There was never any doubt as to what Cali was going to do.
She and Scott had partaken of a few too many cocktails one night, ended up in bed together and the condom broke. It was no secret that she'd nursed a monster crush on him for as long as they'd known each other, but she knew she couldn't have the baby. She never wanted him to think she'd done it to trap him. And even at 25, she wasn't ready for motherhood with all its necessary losses of freedom.
She and Scott agreed to split the cost and I made the appointment for her. Even though she knew she was doing the right thing, good Catholic girls don't schedule abortions.
They didn't want anyone else to know so I was their lone sounding board. Late-night phone calls flew, anxiety nipping at the wires. She was terrified out of her mind. He was worried she was going to change her mind. And I was concerned about losing mine.
Despite that, it felt strangely familiar. I'm always the one my friends turn to for support. I'm always objective, always even-tempered, always the pillar of strength. A pillar with cracks I show to no one lest I look "weak."
A few days before the procedure, Cali asked me if I would go into the operating room with her. Scott offered (albeit half-heartedly he can't even stomach the sight of a paper cut) but she said no, she wanted me there. It seemed an easy decision I've always been staunchly pro-choice, not to mention the fact that if there was ever a time my friends needed me, it was now.
I just didn't stop to think about who would be there for me.
I'd scheduled it for a Wednesday instead of a Saturday, since I knew the pro-lifers staged their protests on the weekends. As distraught as Cali already was the last thing she needed was to be dragged through a mass of zealots.
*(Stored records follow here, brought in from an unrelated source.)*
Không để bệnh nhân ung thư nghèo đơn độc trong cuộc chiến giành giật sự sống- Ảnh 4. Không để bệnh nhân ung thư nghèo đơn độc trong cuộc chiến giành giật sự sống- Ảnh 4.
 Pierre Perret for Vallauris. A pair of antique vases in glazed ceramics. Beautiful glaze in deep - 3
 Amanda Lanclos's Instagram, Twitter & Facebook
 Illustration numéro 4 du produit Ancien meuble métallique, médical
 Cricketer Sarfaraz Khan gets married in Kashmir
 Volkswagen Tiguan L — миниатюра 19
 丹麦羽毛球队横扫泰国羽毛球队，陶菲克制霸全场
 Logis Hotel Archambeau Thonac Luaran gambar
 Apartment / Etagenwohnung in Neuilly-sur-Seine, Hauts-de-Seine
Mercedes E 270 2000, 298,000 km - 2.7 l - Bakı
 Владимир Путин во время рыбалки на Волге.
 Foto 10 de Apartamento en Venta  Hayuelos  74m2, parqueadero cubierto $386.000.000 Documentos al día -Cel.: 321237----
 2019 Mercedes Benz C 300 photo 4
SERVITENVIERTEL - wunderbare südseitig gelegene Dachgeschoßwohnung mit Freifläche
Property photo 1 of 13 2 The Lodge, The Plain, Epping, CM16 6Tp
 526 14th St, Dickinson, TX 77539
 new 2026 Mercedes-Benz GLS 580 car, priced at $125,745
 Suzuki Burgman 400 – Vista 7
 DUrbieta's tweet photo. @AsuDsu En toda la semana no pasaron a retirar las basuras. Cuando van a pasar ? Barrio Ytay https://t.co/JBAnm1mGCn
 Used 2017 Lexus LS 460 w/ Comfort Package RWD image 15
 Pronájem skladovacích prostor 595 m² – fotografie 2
Eventually I was called from the waiting room to join her. I walked through the cool corridor, my Reeboks squeaking on the linoleum. It wasn't until the nurse directed me to room number five that the impact of the past three weeks hit me. And suddenly I froze in my tracks.
Me, everybody's rock. Me, who'd always been the "strong, level-headed one." I was having a mid-level panic attack and yet I was expected to walk into that little room and be someone else's courage. I wasn't sure I had enough to spare.
Me, everybody's rock, was starting to crumble.
I gave myself an imagination-induced slap across the face and walked into the room. Cali had the Walkman clamped firmly to her ears to block out the sound of the vacuum. Engima, I remember.
And in an extremely short amount of time it was over and she was safely in the recovery room. I called Scott to tell him the news and went out to the parking garage to have a cigarette.
Then I let myself fall apart. Slumped against the cold concrete wall, I cried. For Cali's pain. For Scott's panic. For the friendship we shared that I knew would never be the same.
And finally, for myself.
When was the last time you crumbled?